The curtains of the motel room were still drawn, but he was sure they were just a decoy, despite the early hour. The mark had to emerge sometime. The Serbian swept the area again with the binoculars, waiting for some movement.
A garbage truck ground down the service road, its brakes squealing, and he watched it carefully. The men emerged from the cab, loaded and flipped the big commercial trash cans, then wheeled them back into place. The truck backed up towards the lot.
But wait. The Serbian frowned. One of the garbage men wasn’t getting back on the truck. It had backed almost right into the lot, but one man was still outside the motel. He walked through the cars pulled up in front of each of the motel rooms. He stopped outside the mark’s room. What was he doing? The Serbian focused through the scope, his middle finger tight on the trigger. The man disappeared briefly from view. Was he looking underneath a vehicle? A moment later, he re-appeared, holding a large piece of trash, and strolled over to re-join the truck, jumping onto the back as it wheezed out onto the highway.

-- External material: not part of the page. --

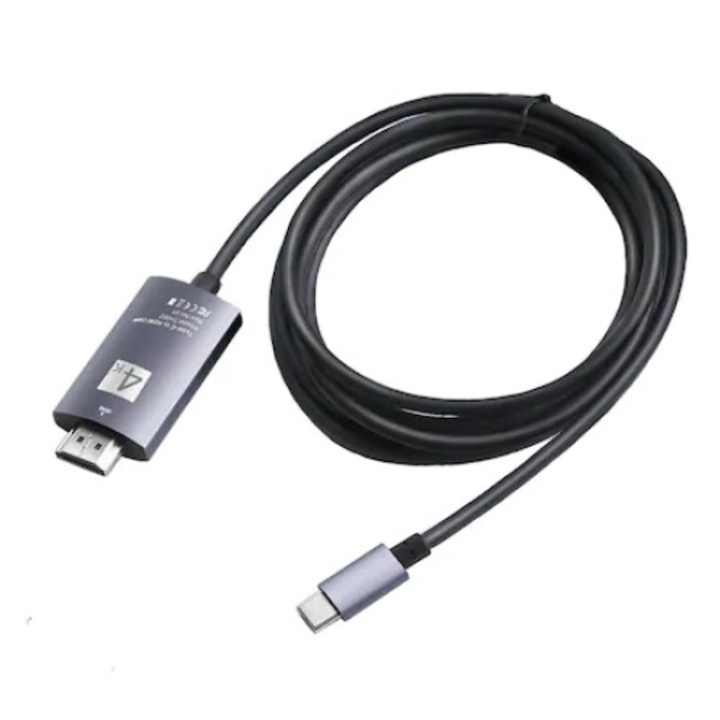 USB 3.1, Type-C, Thunderbolt 3 към HDMI 4K адаптерен кабел, HDMI аудио / видео, 2 м, Сив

The Serbian thought a little. It could be something, or it could be nothing. If he went down to investigate, he might miss his opportunity, and finishing the job could be a little messier than a single roof-top shot. On the other hand, so what if there was some kind of booby trap? All he would lose if someone else took out his mark would be personal satisfaction. He could claim responsibility and still get paid. Maybe. Who else was after Maynard?
The Serbian had a few ideas about that, and he didn’t like it, but he stayed on the rooftop. Changing plans at the last moment unless absolutely necessary was always a bad idea. That’s when events spiralled out of control. Losing control was very bad in his profession.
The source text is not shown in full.